AssamLegalTrans: A Parallel Corpus, Benchmark and Analysis for English-Assamese Machine Translation of Legal Judgments
Proceedings of the Fifteenth Language Resources and Evaluation Conference (LREC 2026)
Abstract
In India, the official language for writing judgments in higher courts is English, which creates a language barrier for citizens not proficient in English. Machine Translation (MT) provides a scalable solution, but its progress for low-resource languages like Assamese is significantly limited due to the lack of legal domain data. To address this gap, we introduce the first-of-its-kind English-Assamese parallel corpus for the translation of Indian court judgments. This dataset consists of over 55,000 manually translated and validated sentence pairs from over 500 judgments of the Gauhati High Court and the Supreme Court of India. Using this dataset, we perform a comprehensive evaluation of state-of-the-art multilingual models, including NLLB-200 and Sarvam-Translate, in both zero-shot and fine-tuned settings, comparing their performance against commercial systems. Our experiments show that fine-tuning on our legal-domain dataset significantly improves the translation quality.
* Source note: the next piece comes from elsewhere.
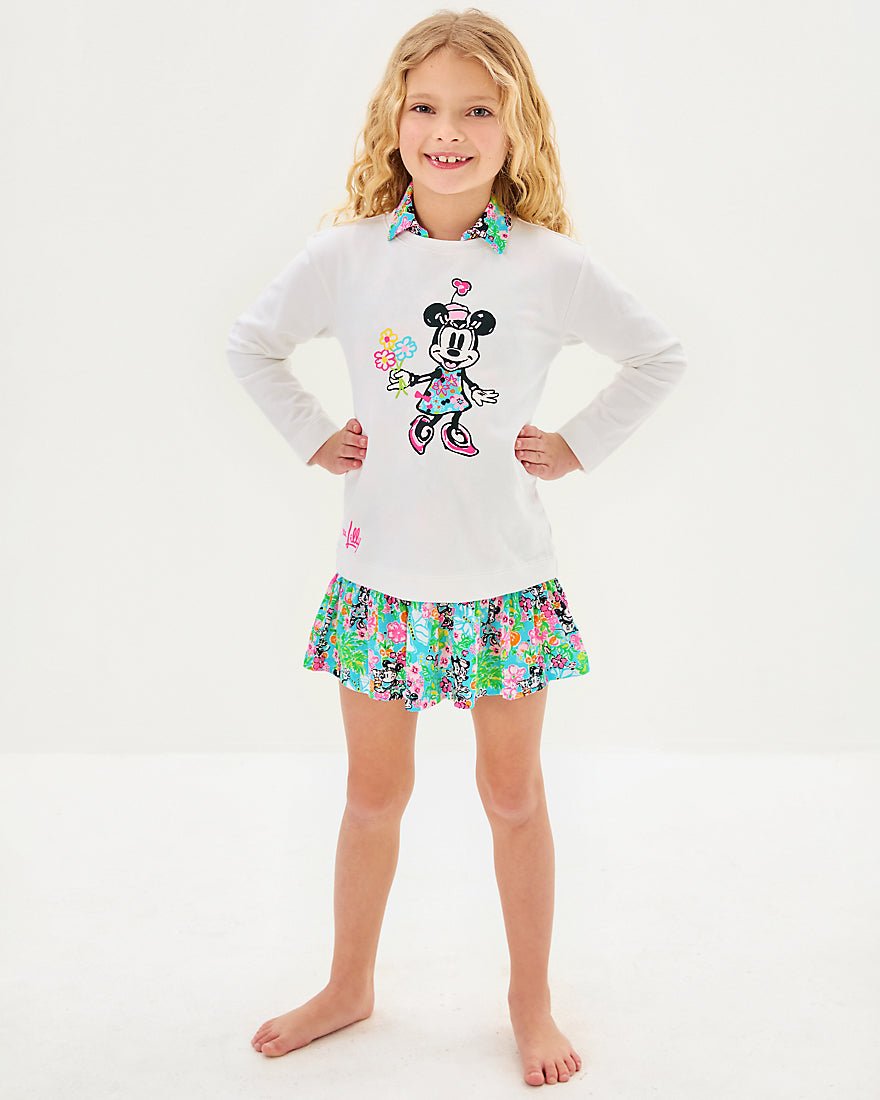 Girls Mini Ballad Sweatshirt - Multi Lilly Hearts Disney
We also conduct a thorough error analysis that points out important issues in legal translation. These include precisely translating legal terms, properly transliterating named entities, expanding abbreviations, and transforming sentence structures, such as changing passive voice to active voice, when translating from English to Assamese. By creating a publicly available dataset and examining the specific challenges, this work offers a reproducible foundation and a clear way to develop more accurate and reliable legal machine translation systems. This will help improve access to justice for Assamese speakers.